Ocean energy test rig testing get programmable power 05 April 2012

A laboratory scale rig at the Hydraulics and Maritime Research Centre (HMRC), University College Cork, is now capable of emulating the variable power testing required at sea, thanks to control equipment from Emerson Industrial.

Project manager Dara O'Sullivan explains that, with a requirement for flexibility, programmability, safety and robustness, Emerson Control Techniques and Leroy-Somer were the only organisations prepared to provide an appropriate drive, motor, generator combination.

"Emerson Control Techniques was the only company prepared to produce a customised solution to meet our needs," he says. "They were most helpful in advising on how to make an easily reconfigurable electrical control system and were the most competitively-priced too."

O'Sullivan explains that, with the imminent requirement to connect more offshore devices and arrays to the grid, research and development has focused on the control and performance of electrical components in the power train – including generators, power converters and grid interface equipment.

Assessing design performance for these components under the operating conditions experienced in an ocean energy system is an expensive and difficult process, he says – and hence the laboratory scale test rig.

But the university researchers had a demanding list of specifications, including regeneration capability and flexibility – even at the relatively low power of a test rig and for a one-off project. So the supplier had to provide matching motors and drives, custom options (two shafts and a through-hole resolver for instance) and a wound-rotor induction machine – unusual at this power level.

Control Techniques' Drive Centre at Newbridge was able to match these requirements, so Leroy-Somer's motor specialists and Control Techniques' design and software engineers were brought in to support the project.

The experimental test rig now comprises a multi-contactor arrangement that allows for several different generator, power converter and grid emulator configurations, selected via a graphical PC interface program. Multiple time series input formats, prime mover models and control algorithms can be loaded into the PLC, using the same user interface.
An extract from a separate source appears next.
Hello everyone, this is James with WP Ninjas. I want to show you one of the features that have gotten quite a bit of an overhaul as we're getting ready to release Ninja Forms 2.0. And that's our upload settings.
As a result, says O'Sullivan, the rig is capable of recreating the dynamic response exhibited by a prime mover onto a motor/generator set, while simultaneously measuring exported power level and quality.
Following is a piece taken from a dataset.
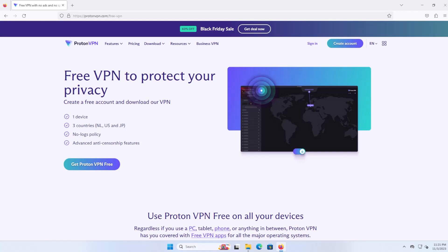Hi everyone, in this video I will be going over installing and using Proton VPN for free.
Additionally, the prime mover can simulate – from real or modelled time series data – any varying source such as a wind turbine, a hydraulic motor or a wave energy air turbine.
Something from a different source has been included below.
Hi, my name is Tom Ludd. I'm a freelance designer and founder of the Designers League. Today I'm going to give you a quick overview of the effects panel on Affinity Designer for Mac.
Three drives have been installed – all Control Techniques Unidrive SP ac drives. One controls the prime mover, whle the others, connected back-to-back, control the generator and, in regenerative mode, convert generator power from the control frequency needed to maintain the generator speed, to 50 Hz for grid synchronisation.
Each of the drives is fitted with a plug-in module for Profibus connectivity for PLC control.

Selection of a Leroy-Somer wound-rotor generator along with a multi-contactor configuration technique gives this system its flexibility in the selection of generator type.